Even if the SAM file's provenance is structured differently, it could still probably be stored as a text block -- and the presence of a READ1 and READ2 into a SampleData[SequencesWithQuality] rather than a SampleData[PairedEndSequencesWithQuality] might set off alarm bells or fail. (Error message playing in my head: "The imported file contains READ1 and READ2 data, indicating paired reads. This is not supported for the requested output format of SampleData[SequencesWithQuality]. Use output format SampleData[PairedEndSequencesWithQuality], or set --force-format to discard the direction information").


Thanks for clarifying! This makes much more sense now.

Most sequencing service providers provide raw seq data as FASTQ (either demultiplexed or not), so I thought that you were perhaps trying to enter the pipeline midway through the analysis, or perhaps doing metagenome analysis. I see now that this is just how your sequencing center performs demultiplexing prior to delivering data.

My initial impression is that getting the multiplexed fastq data from the sequencing center might be a better way to enter the pipeline (at demultiplexing) and store that information in provenance. But I also realize that's not what you are asking :slight_smile:

Ah understood now. This is a very neat idea — to not only support SAM file specifications but also to parse the header line to add that information to QIIME 2 provenance. My worry is that it would be too complex, with so many different upstream processing possibilities, but technically possible.

Yep! This would be much easier to do by defining separate format specifications. New transformers can then be written to convert from the import format to the format stored on disk (which would still be fastq, as that is how the semantic types are currently defined, and also the data format used downstream e.g., by dada2).
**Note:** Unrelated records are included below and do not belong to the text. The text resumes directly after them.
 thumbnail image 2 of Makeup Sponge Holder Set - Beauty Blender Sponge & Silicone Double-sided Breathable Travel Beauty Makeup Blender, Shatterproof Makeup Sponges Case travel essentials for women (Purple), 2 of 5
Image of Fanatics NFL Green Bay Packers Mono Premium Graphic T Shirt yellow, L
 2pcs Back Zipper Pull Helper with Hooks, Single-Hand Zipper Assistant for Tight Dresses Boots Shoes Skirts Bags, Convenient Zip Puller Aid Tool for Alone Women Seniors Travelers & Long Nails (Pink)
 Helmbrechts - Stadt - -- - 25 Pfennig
You can see examples of the underlying formats and transformers here for how different BIOM format specifications can be imported, but the v1.0 format gets transformed to v2.1 when importing as a FeatureTable[Frequency] semantic type (a very different data type from what you are dealing with, but just a similar scenario of 2 formats supported at input but only 1 format is used on disk).
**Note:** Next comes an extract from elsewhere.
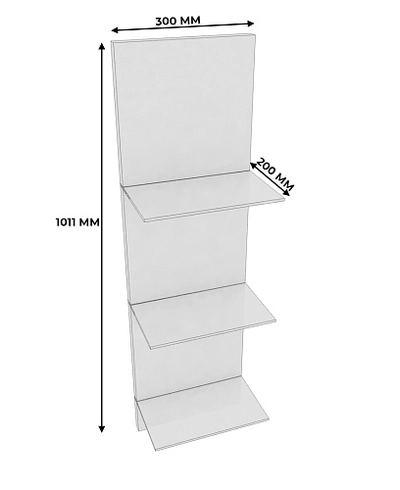 Полка навесная L-314.3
q2-types would technically be the right place to define new BAM/SAM format specifications, transformers, and link these to the relevant semantic types (SampleData[PairedEndSequencesWithQuality] or SampleData[SequencesWithQuality]). Check out the related formats and types here to see what is involved:

This would be the pathway forward, but maybe let's hear from @thermokarst and @ebolyen first to see if q2-types would be an appropriate place (or maybe you want to make your own plugin anyway — less oversight from us to cramp your style).

  1. add new SE/PE SAM or BAM manifest file formats: see here for examples of the current fastq manifest formats. This would define the manifest structure (which could probably be the same but with different file extentions of course), as well as validation of file contents (based on the SAM/BAM file specifications). So different formats would be used for PE or SE data.
  2. add new transformers to convert from those manifest formats to a CASAVA fastq format (i.e., change both the filenames to confirm to CASAVA naming conventions, as well as the file format). You can some other transformers for comparison here.
  3. add some unit tests as needed (this is maybe where writing your own plugin would be beneficial at least as an initial test playground, as we are very picky about making water-tight CI testing in q2-types).

The semantic types in question (SampleData[PairedEndSequencesWithQuality] or SampleData[SequencesWithQuality]) are already linked to those CASAVA fastq formats (as defined here), so once you complete steps 1 + 2 you can import BAM or SAM files (listed in a manifest file) as these types, and the data will automatically be transformed to the relevant format on disk.

If this sounds like an appealing way forward, you can read our developer documentation. Let's wait before opening an issue in q2-types. Either way, we are on hand if you run into any questions or problems.